Brussels Economic Forum 2014: Europe's growth prospects in the globalised economy
Brussels - EC/Charlemagne
On 10 June 2014, on the occasion of the Brussels Economic Forum, the second panel of the Brussel Economic Forum 2014 was entitled "Europe's growth prospects in a globalised economy". Rebecca Christie, Bloomberg News correspondent in Europe, moderated the discussion amongst Marco Buti, Director-General of DG "Economic and Financial Affairs" of the EC, Bettina Wasteels, European Development Director at GDF SUEZ, André Sapir, Senior Fellow at Bruegel and Professor of Economics at the Université Libre de Bruxelles (ULB), Anders Åslund, Senior Fellow at the Peterson Institute for International Economics and Eric Bartelsman, Professor of Economics at the Vrije Universiteit in Amsterdam.
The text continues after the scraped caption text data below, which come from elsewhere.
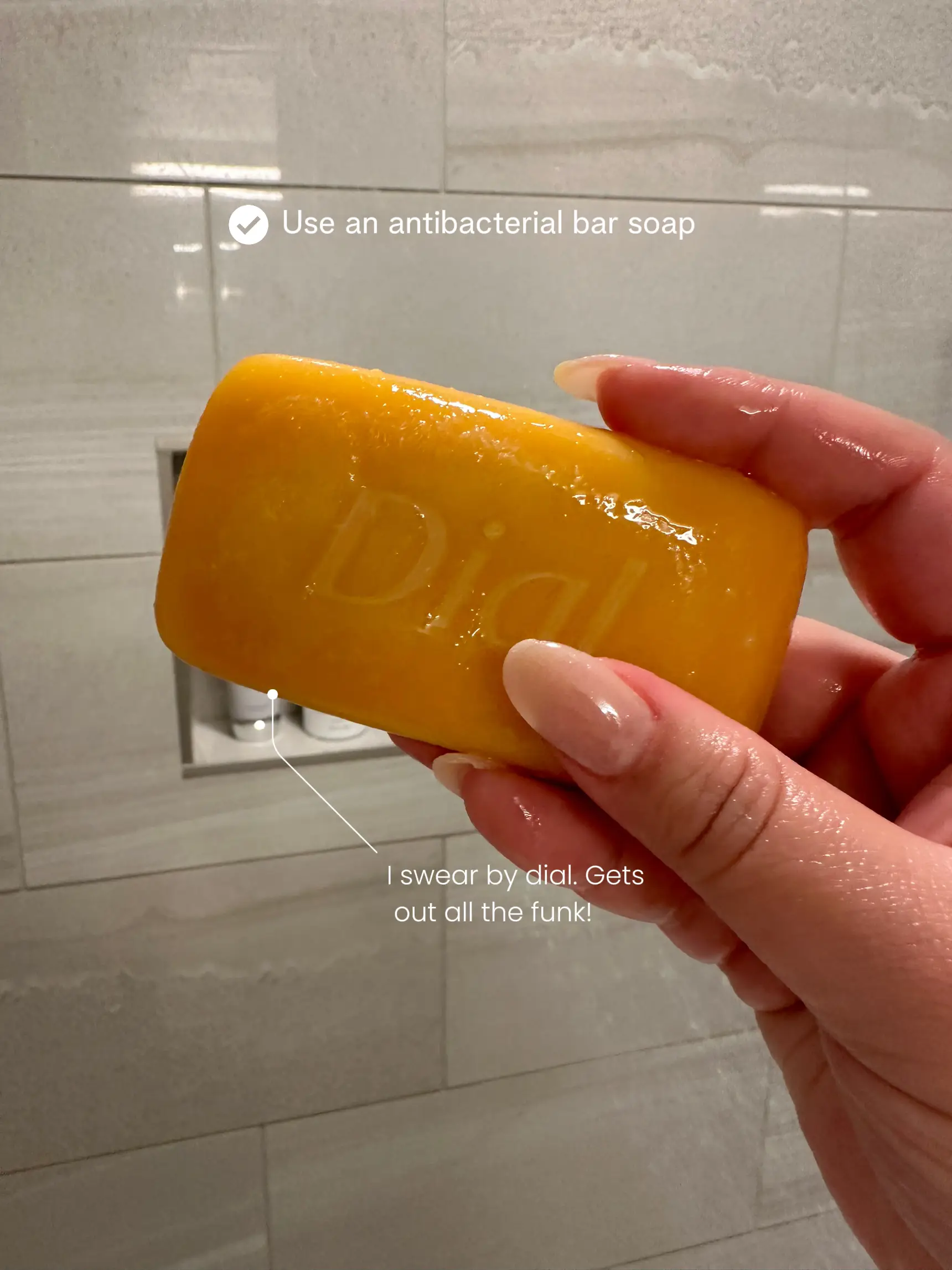 Dog ate shop dial soap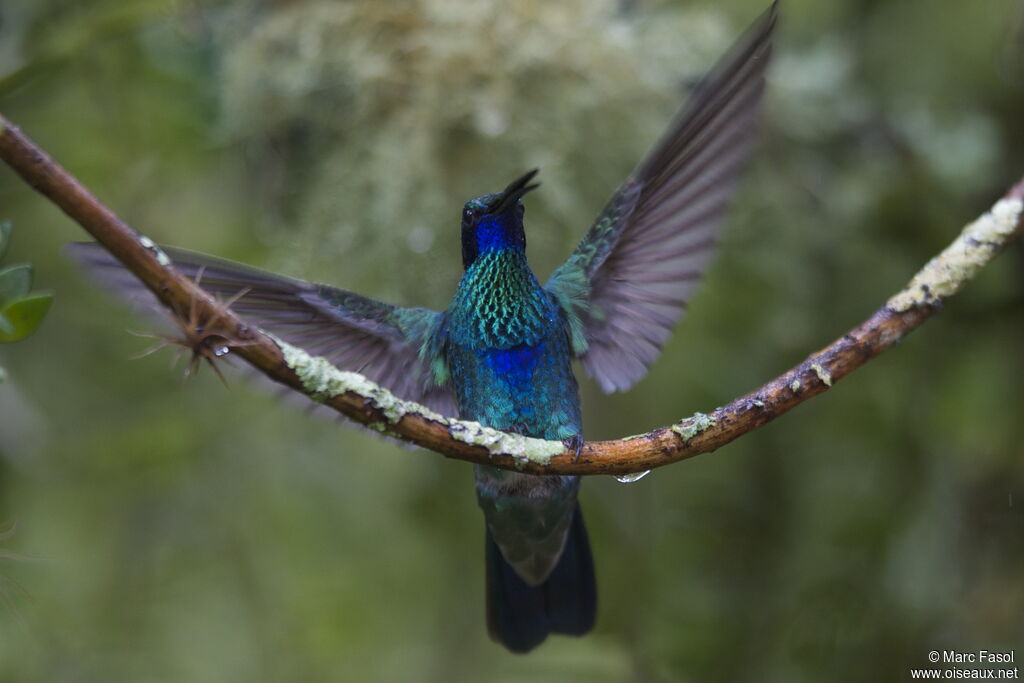 Colibri anaïsadulte nuptial, Vol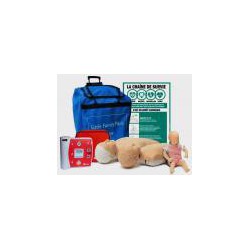 PROMOTION 3 MANNEQUINS ET DEFIBRILLATEUR FORMATION PSC1/SST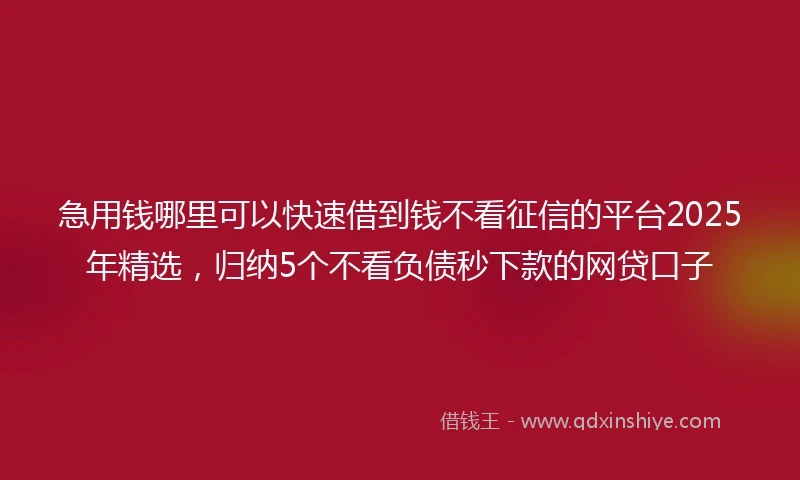 急用钱哪里可以快速借到钱不看征信的平台2025年精选，归纳5个不看负债秒下款的网贷口子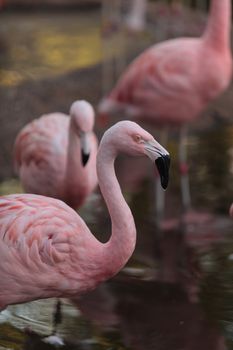 The Chilean flamingo, Phoenicopterus chilensis, is bright pink freshwater bird.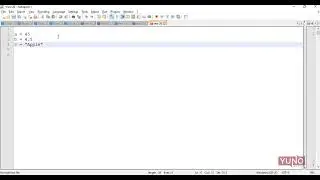 What is Data Type in Python | Yuno Learning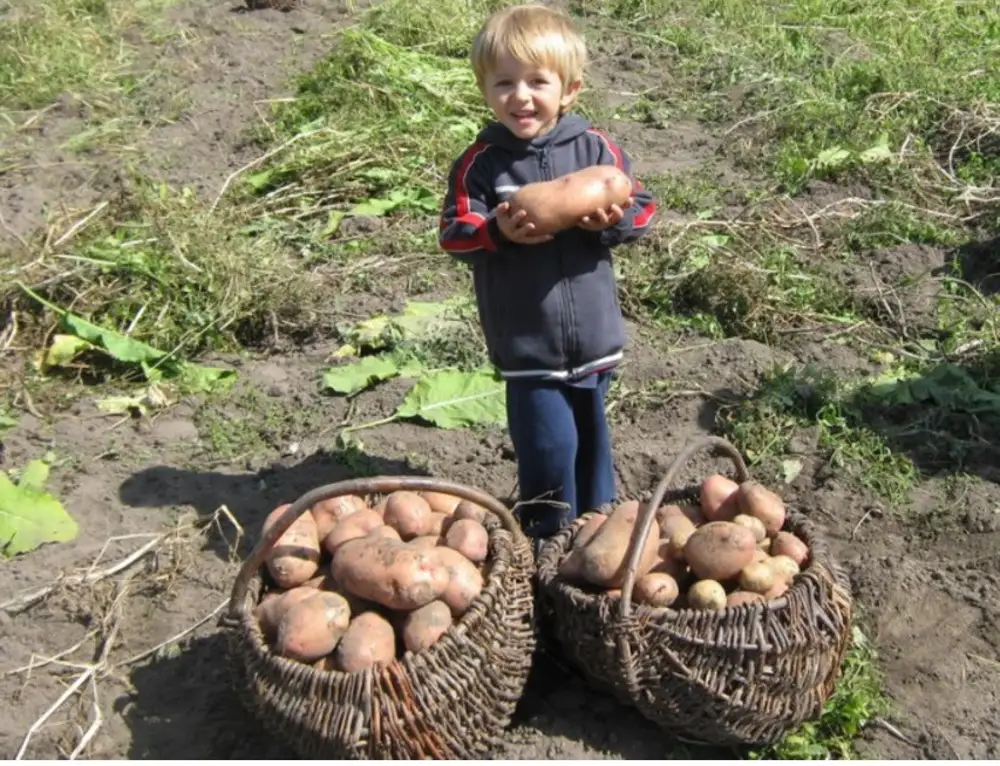 Время собирать картофель. Сбор урожая. Сбор урожая картофеля. Огород для детей. Картошка в огороде.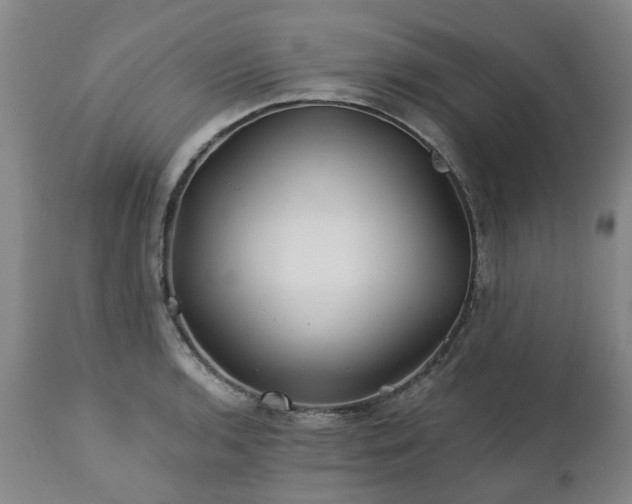 X0000112461136200908241252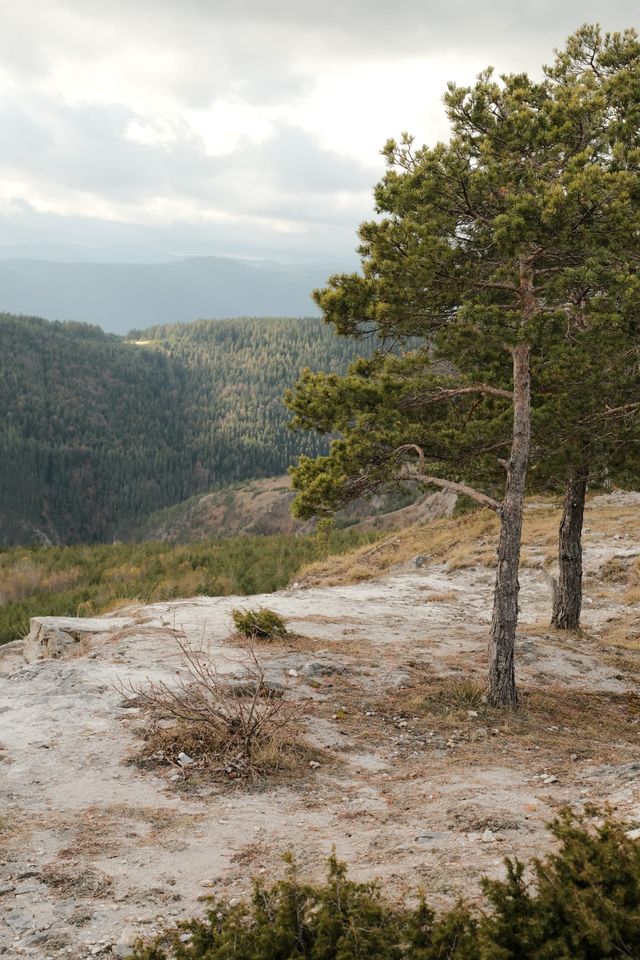Pine trees stand on a pale rocky overlook above forested mountain slopes.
Although the panel members offered different prescriptions to boost the economy, they all warned that Europe’s current meagre growth could vanish fast if nothing was done.
Only the original language version is authentic and it prevails in the event of its differing from the translated versions.
||INTRODUCTION by Rebecca Christie, Bloomberg News correspondent in Europe, (in ENGLISH) presenting the panellists of the second session of the Brussel Economic Forum 2014 entitled "Europe's growth prospects in the globalised economy".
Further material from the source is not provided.